Bia parou de conversar e voltou à
pizza. Depois levantou dizendo que ia ao banheiro. Ao sair deu de cara com a
namorada do jogador, uma morena de cabelos pretos e longos, maquiagem carregada,
bem perfumada, com roupa preta colante curtíssima e decotada.
― Sabe, Josué, quando ia ao
banheiro fiquei pensando no tempo em que a gente saía para discutir nossos
problemas, o que fazer para melhorar nossa intimidade, quais os pontos legais e
o que chateava a gente.
― Pois é, agora só se fala desse
arremedo de política que temos no nosso pobre e ainda lindo país. Você não para
de falar das perdas, dos trambiques que aparecem em meio à essa governança o
tempo todo, e do povo na miséria.
― Também depois que descobri seu
interesse na minha melhor amiga, o que você queria, que eu voltasse discutir
amor? Você desejava dormir com ela, o que queria?

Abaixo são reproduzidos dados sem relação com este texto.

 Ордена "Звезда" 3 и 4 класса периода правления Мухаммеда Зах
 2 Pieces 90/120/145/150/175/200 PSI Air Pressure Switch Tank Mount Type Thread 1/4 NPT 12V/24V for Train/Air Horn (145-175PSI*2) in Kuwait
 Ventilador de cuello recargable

― Bia, já te falei, não aconteceu
nada, falei sem pensar. E você com seu amigo da associação te paquerando?
― Mas fui leal a você. O que não
ocorreu de seu lado. Por acaso escutou de minha boca que desejava amigo seu?

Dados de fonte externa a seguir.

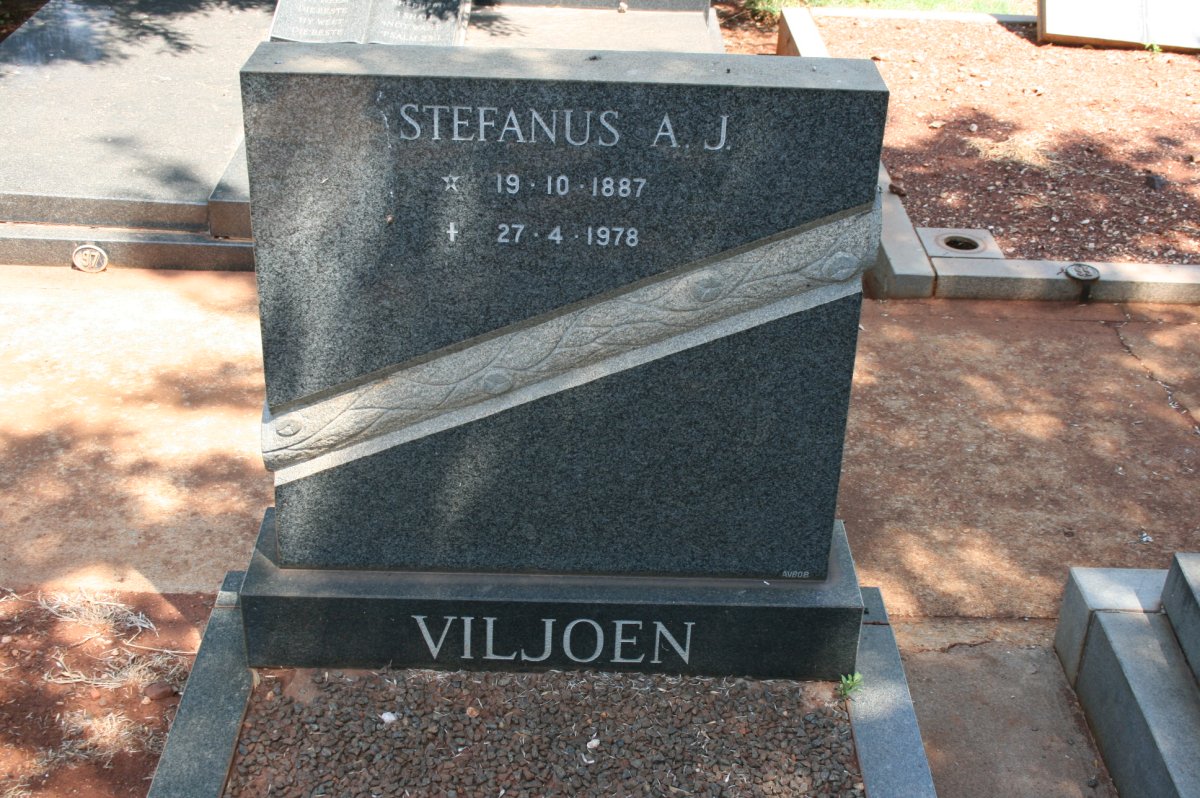VILJOEN Stefanus A.J. 1887-1978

Não. ― Bia buscou fundo na memória e não lembrou de fantasias com outros. A raiva até aumentava.
― Esse ressentimento está
acabando com você, com nosso casamento. Você parece não querer esquecer o que
aconteceu. Já pedi desculpas e não adiantou.
― Você pariu agora trate de
embalar. Considerei estar em seus pensamentos, foi uma frustração pra mim.
Aquela Bia morreu, nem sei se conseguirei ser como antes.
― A gente saiu para espairecer e
você tem de tocar nesse assunto, não é?
― Por que foge quando a gente discute
a relação? Diálogo é fundamental e fica cada um pro seu lado e os problemas
continuam na mudez. A situação não está fácil pra ninguém, mas problemas
particulares continuam existindo e têm de ser resolvidos.
― Chamo isso de vingança. Você
quer se vingar de mim por este e outros motivos e achou um bode expiatório.
― Pois então somos, ambos,
vingadores, e continuamos nessa bolha, como o país hoje em dia, cada um na sua
bolha.
― Ah, não, não começa com
política de novo.
O que era para ser noite diferenciada acabou trazendo à tona segredos guardados intensificando angústia. Josué pediu para embalar pizza para Toninho e pagou conta. Em silêncio entraram no fusca que custou aceitar partida parecendo captar ambiente.